Required work
Nothing but the lines from the one with "ペンション Statek Samsara" through the end of the data should be set down, each exactly as written, and no picture should be included.

(Items listed in a dataset)
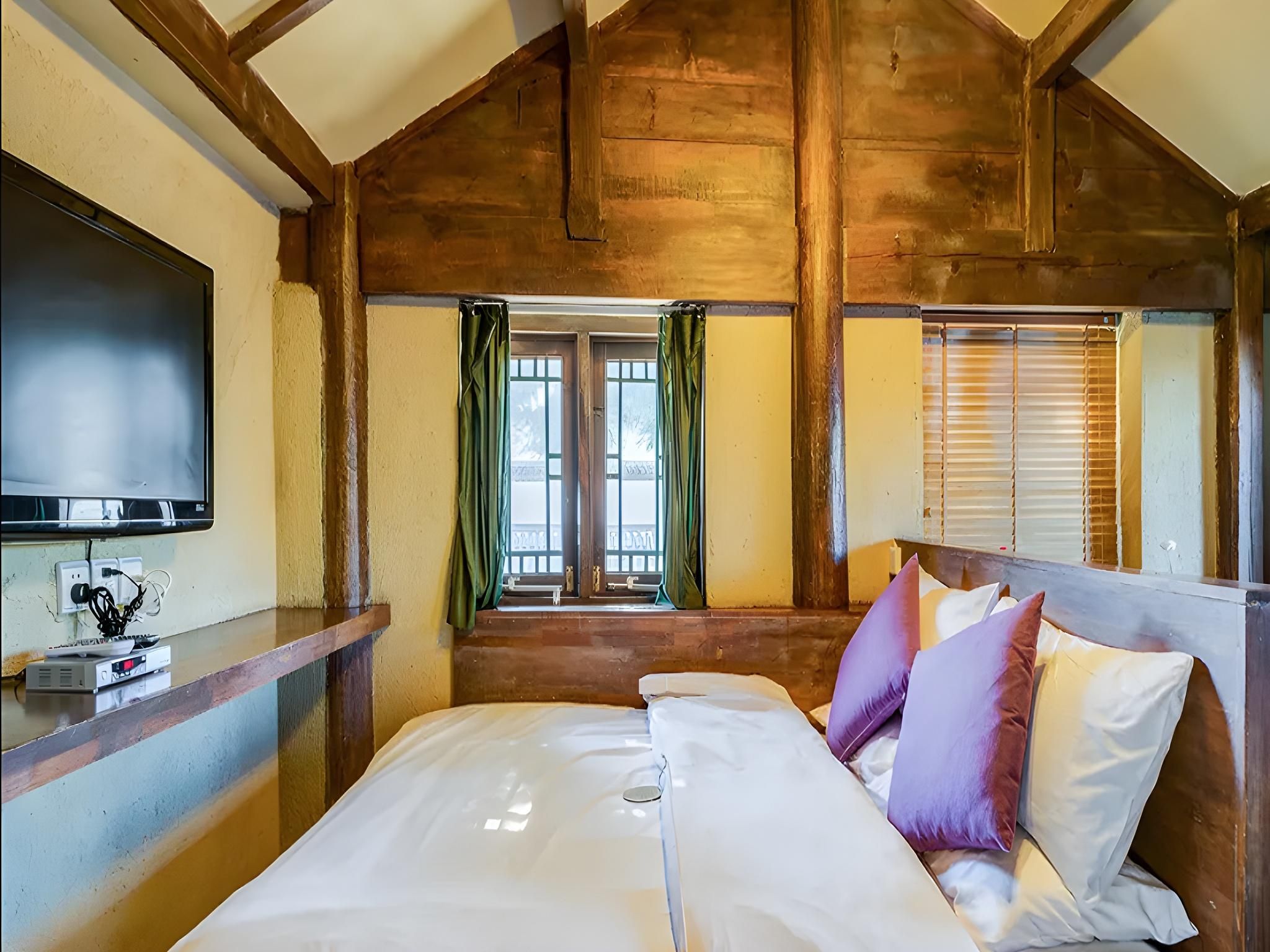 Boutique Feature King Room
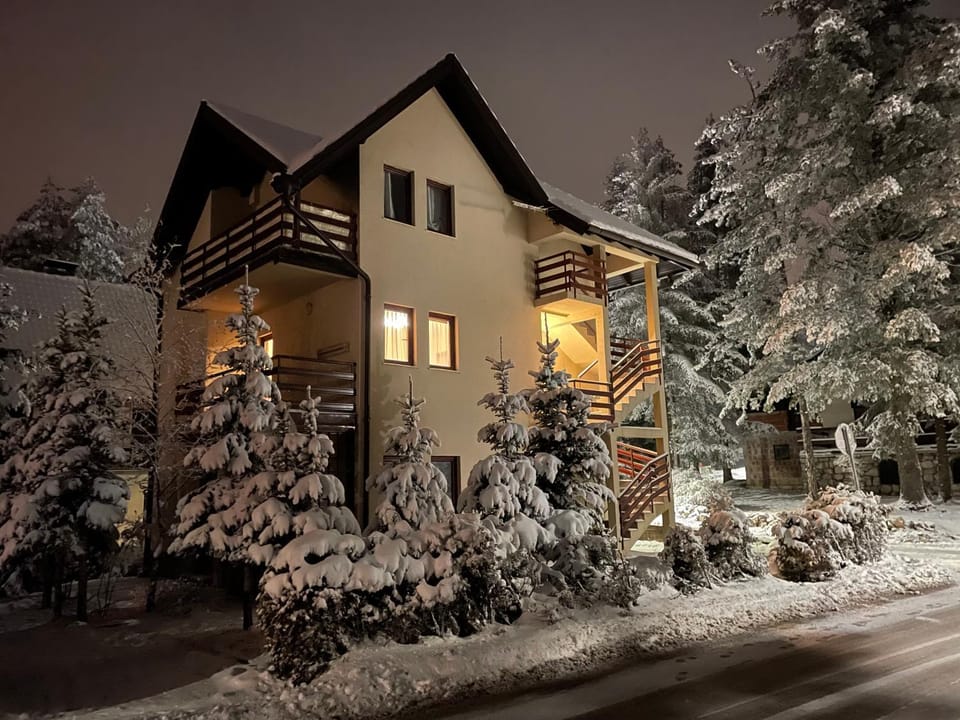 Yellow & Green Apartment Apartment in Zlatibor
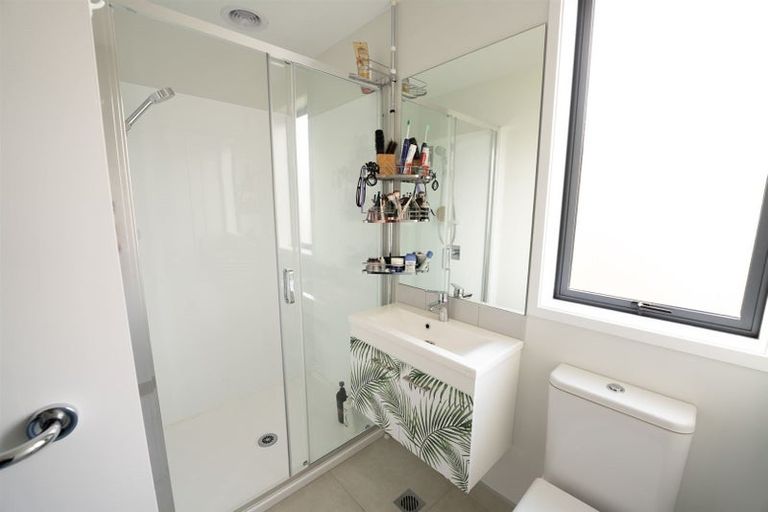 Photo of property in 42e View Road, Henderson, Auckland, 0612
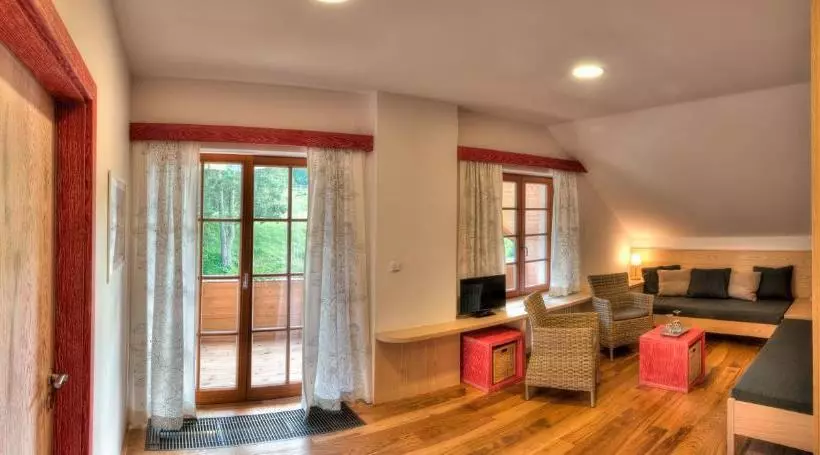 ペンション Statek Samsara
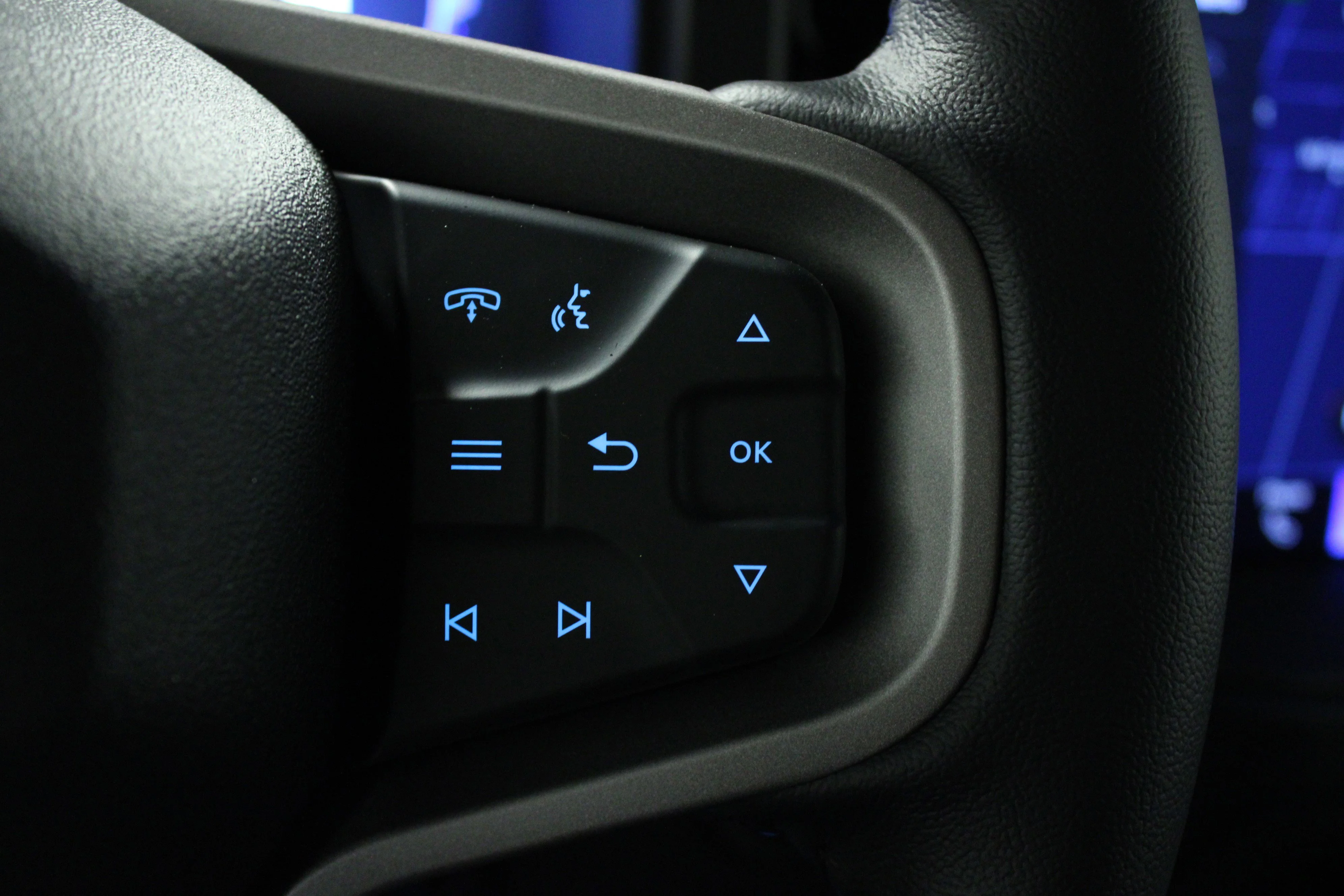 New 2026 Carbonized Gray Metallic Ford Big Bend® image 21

Result below
 ペンション Statek Samsara
 New 2026 Carbonized Gray Metallic Ford Big Bend® image 21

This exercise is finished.